A person with psoriasis can find that their condition varies. Psoriasis tends to flare up in response to certain triggers.
One factor that may trigger a first episode, a flare, or an aggravation of symptoms is excessive alcohol consumption.
A study published in Alcohol Research: Current Reviews notes that alcohol can have a “detrimental effect” on psoriasis, especially among males.
Research has not confirmed a link between alcohol and psoriasis. Evidence suggests, however, that people who consume alcohol have a greater chance of having psoriasis than the general population.
A study of 82,869 women over a period of 14 years showed that women who consume more than 2 to 3 alcoholic beverages in a week are more likely to experience the onset of psoriasis.
Consuming “non-light beer” also appeared to aggravate the risk in females.
Men who consume more than 100 grams per day of alcohol were more likely to have a new case of psoriasis or to experience a worsening of the symptoms.
Studies have noted that when psoriasis emerges in people who drink large amounts of alcohol, it tends to affect the backs of the hands and the fingers.

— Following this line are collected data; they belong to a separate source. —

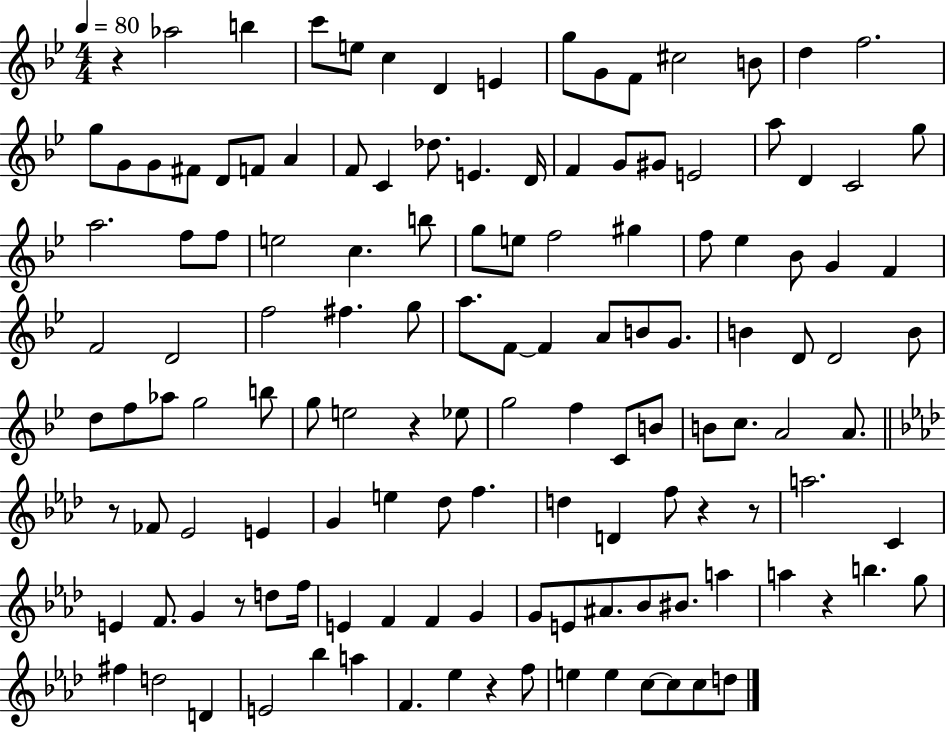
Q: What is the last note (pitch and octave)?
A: D5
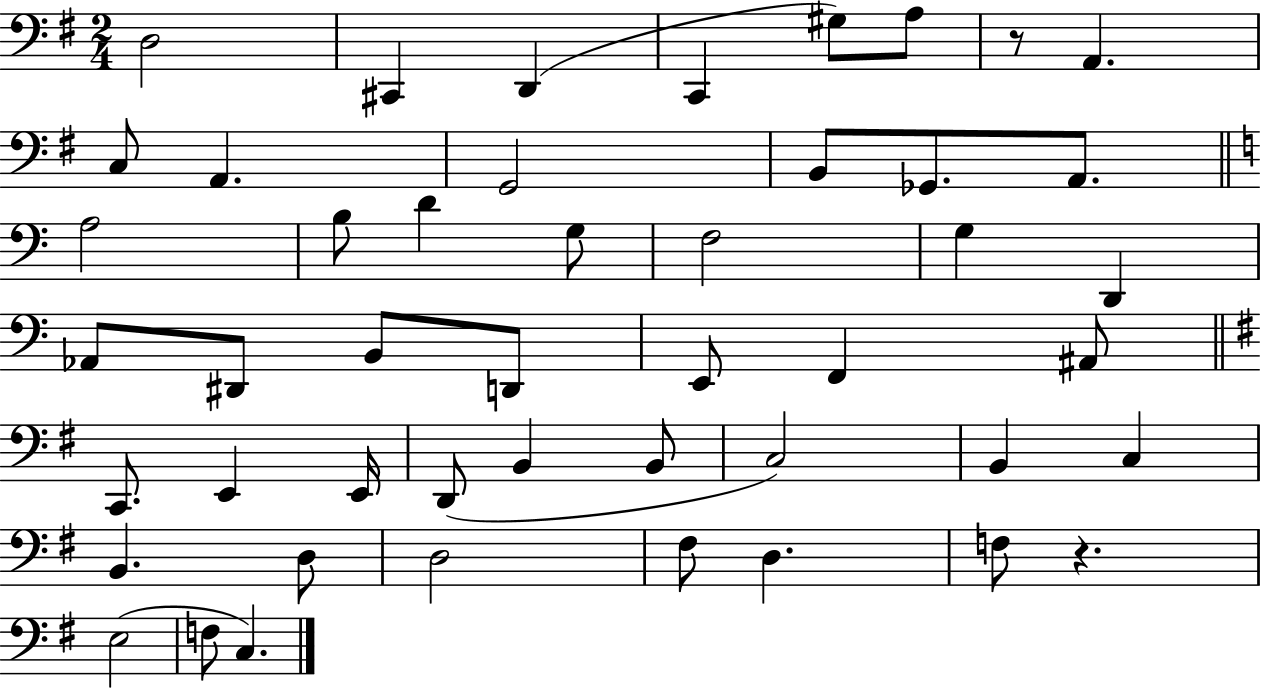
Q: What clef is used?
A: bass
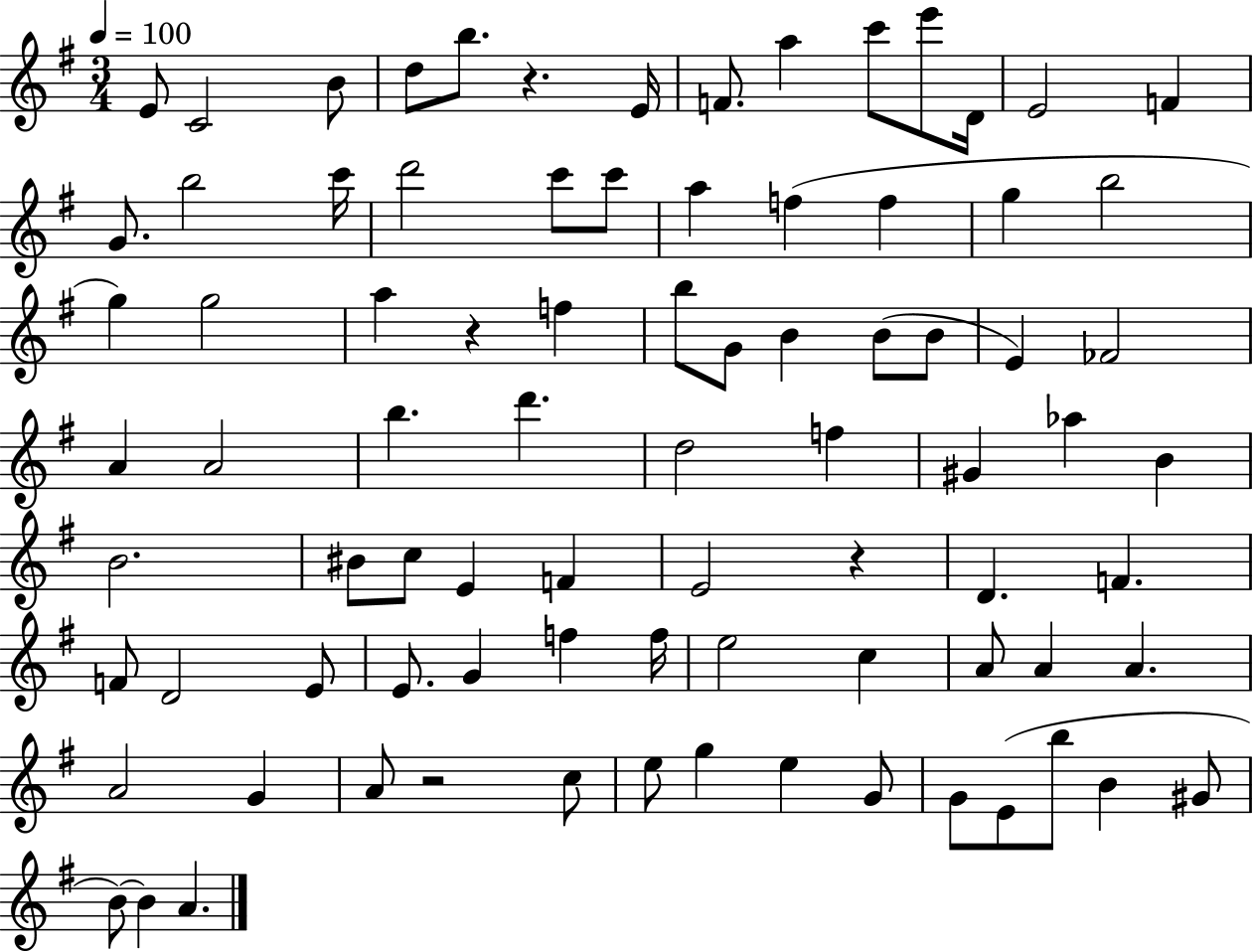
{
  \clef treble
  \numericTimeSignature
  \time 3/4
  \key g \major
  \tempo 4 = 100
  e'8 c'2 b'8 | d''8 b''8. r4. e'16 | f'8. a''4 c'''8 e'''8 d'16 | e'2 f'4 | \break g'8. b''2 c'''16 | d'''2 c'''8 c'''8 | a''4 f''4( f''4 | g''4 b''2 | \break g''4) g''2 | a''4 r4 f''4 | b''8 g'8 b'4 b'8( b'8 | e'4) fes'2 | \break a'4 a'2 | b''4. d'''4. | d''2 f''4 | gis'4 aes''4 b'4 | \break b'2. | bis'8 c''8 e'4 f'4 | e'2 r4 | d'4. f'4. | \break f'8 d'2 e'8 | e'8. g'4 f''4 f''16 | e''2 c''4 | a'8 a'4 a'4. | \break a'2 g'4 | a'8 r2 c''8 | e''8 g''4 e''4 g'8 | g'8 e'8( b''8 b'4 gis'8 | \break b'8~~) b'4 a'4. | \bar "|."
}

This is similar to the symptoms experienced by people with HIV.
For this reason, experts believe there may be a link between alcohol, immune dysfunction, and psoriasis.

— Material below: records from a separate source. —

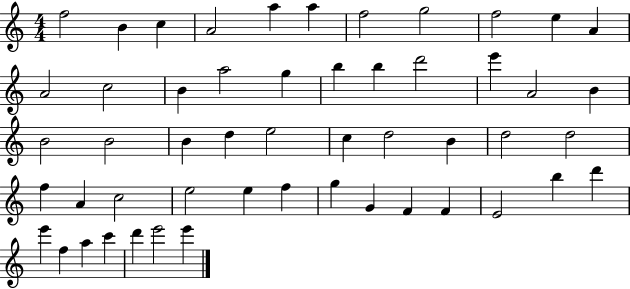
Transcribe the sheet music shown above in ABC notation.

X:1
T:Untitled
M:4/4
L:1/4
K:C
f2 B c A2 a a f2 g2 f2 e A A2 c2 B a2 g b b d'2 e' A2 B B2 B2 B d e2 c d2 B d2 d2 f A c2 e2 e f g G F F E2 b d' e' f a c' d' e'2 e'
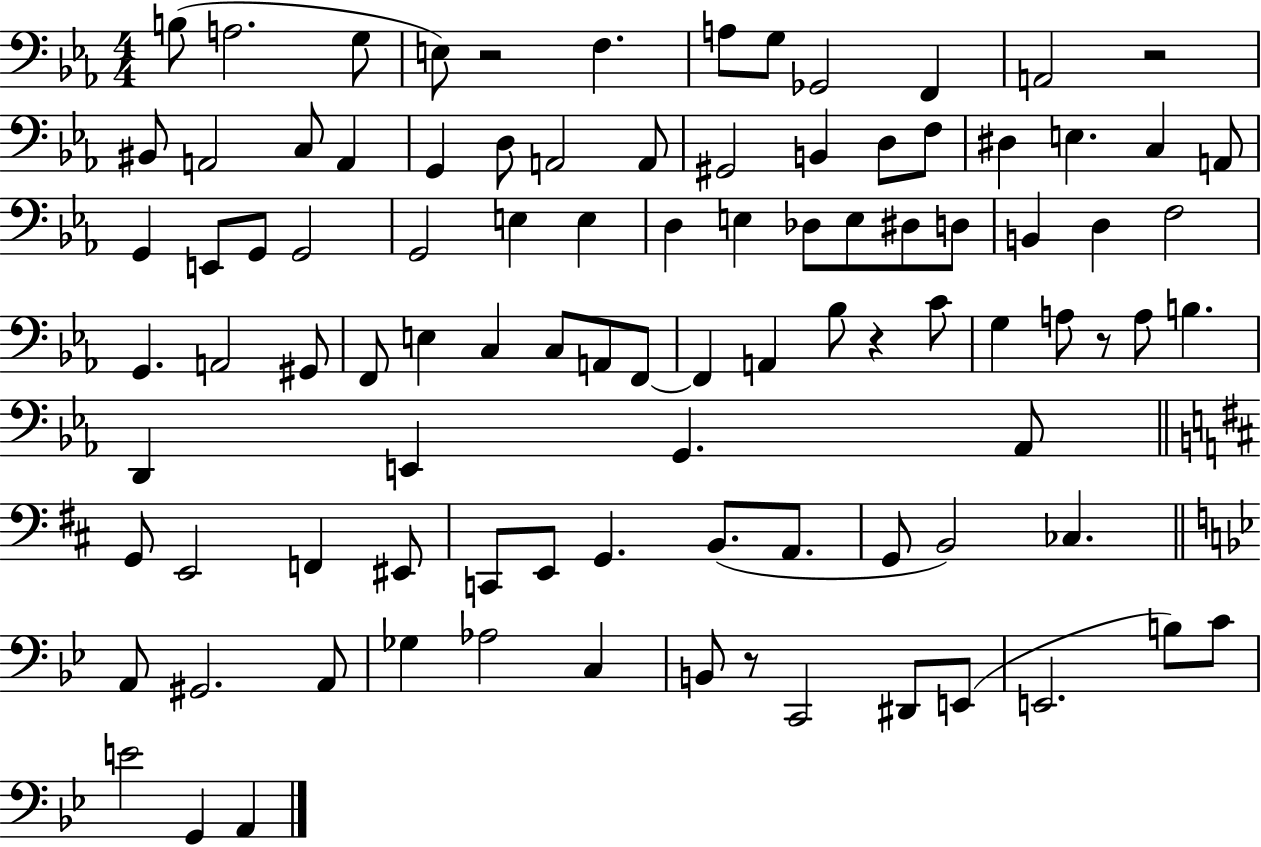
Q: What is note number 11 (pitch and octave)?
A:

How does alcohol trigger psoriasis?

A number of factors may cause alcohol to aggravate psoriasis.
Inflammatory and immune reactions
Alcohol may worsen the symptoms of psoriasis as it affects a number of body systems.
One theory is that alcohol might trigger the immune problems that lead to immunosuppression, making the body less able to react effectively to an attack by pathogens or other problems.
People who consume a lot of alcohol are also more likely to develop skin infections resulting from streptococcal infections and wounds. This may affect other aspects of skin health.
Another is that when a person consumes alcohol, this increases the production of inflammatory cytokines and cell cycle activators. This could then cause the skin cells to regenerate excessively.

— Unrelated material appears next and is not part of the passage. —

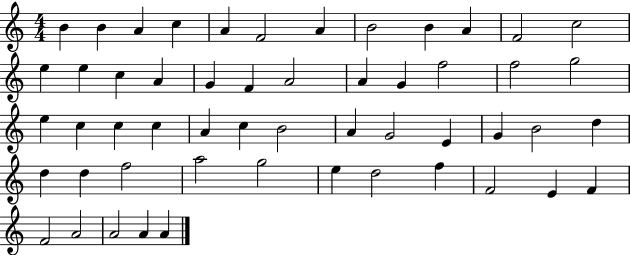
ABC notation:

Following a treatment plan

People who consume excessive amounts of alcohol may also be less likely to follow their treatment plan, and this, too, can lead to a more severe progression of the disease.
Alcohol consumption may also decrease the body’s ability to process medications effectively.
In women of child-bearing age, the medications used for psoriasis may have hazardous side effects when consumed with alcohol.

Effects on nutrition

Alcohol consumption also leads to dehydration and vitamin deficiency. This includes vitamins B, E, and A.
Good hydration and a sufficient supply of vitamins are needed for healthy skin, regardless of whether a person has psoriasis or not. For someone with psoriasis, a lack of hydration and essential vitamins further reduces the chance of healthy skin.
Impact on the liver.
Finally, apart from potentially reducing the body’s immune function, regular alcohol consumption can have a negative effect on other organs, such as the liver. This, too, can impact the immune system, weakening its ability to cope with further problems.

Are any alcoholic drinks safe?

There is no evidence that any type of alcohol is better for people with psoriasis.
Alcohol consumption affects individuals differently. Factors such as body mass, weight, gender, eating habits, and drinking habits will influence how alcohol affects the body.
Some people with psoriasis experience an “outbreak” after drinking, while for others, there is no change.